[PDF] Nurses working in mid-life

Source:
National Nursing Research Unit
Publisher:
National Nursing Research Unit (NNRU)
Publication date:
28 February 2007

Abstract

The shortage of a skilled workforce, especially in London, is a key challenge to the modernisation of health care delivery. The so called ‘greying’ of the nursing workforce and the projected increases in levels of early retirement add to concerns about future nursing shortages.

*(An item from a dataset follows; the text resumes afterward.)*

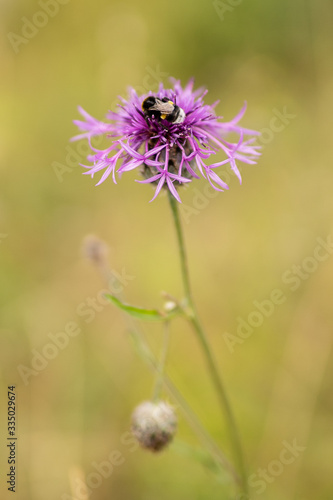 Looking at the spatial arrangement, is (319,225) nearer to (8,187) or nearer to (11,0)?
(8,187)

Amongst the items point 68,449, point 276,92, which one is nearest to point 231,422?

This exploratory study focused on qualified and unqualified nurses working in mid-life (45 ) in two different organizational contexts one in an acute setting and one in the community.

Summary of findings

  • Older nurses are increasingly important to the current nursing workforce and will be a substantial part of the future nursing workforce. Investment needs to occur now
  • This research suggests that nurses haven’t really thought through their retirement plans so there appears to be an opportunity to influence their choices through the local implementation of retirement initiatives. These initiatives need to be attractive and must emphasise the benefits of remaining at work after retirement, whilst at the same time conveying value to the individual
  • In both case study sites commitment was high. This is an important factor, which could be used in devising strategies to encourage older nurses to stay beyond retirement.
  • Although there are similarities in the working lives of nurses at all ages (e.g. role conflict), the findings across both case-study sites suggest that older nurses have specific needs that are not the same as other nursing staff. For example, age did not seem a barrier to further training, but the limited range of courses did limit the professional development of older nurses.
  • This study found widespread dissatisfaction with the implementation of Agenda for Change and career progression and grade structure under Agenda for Change.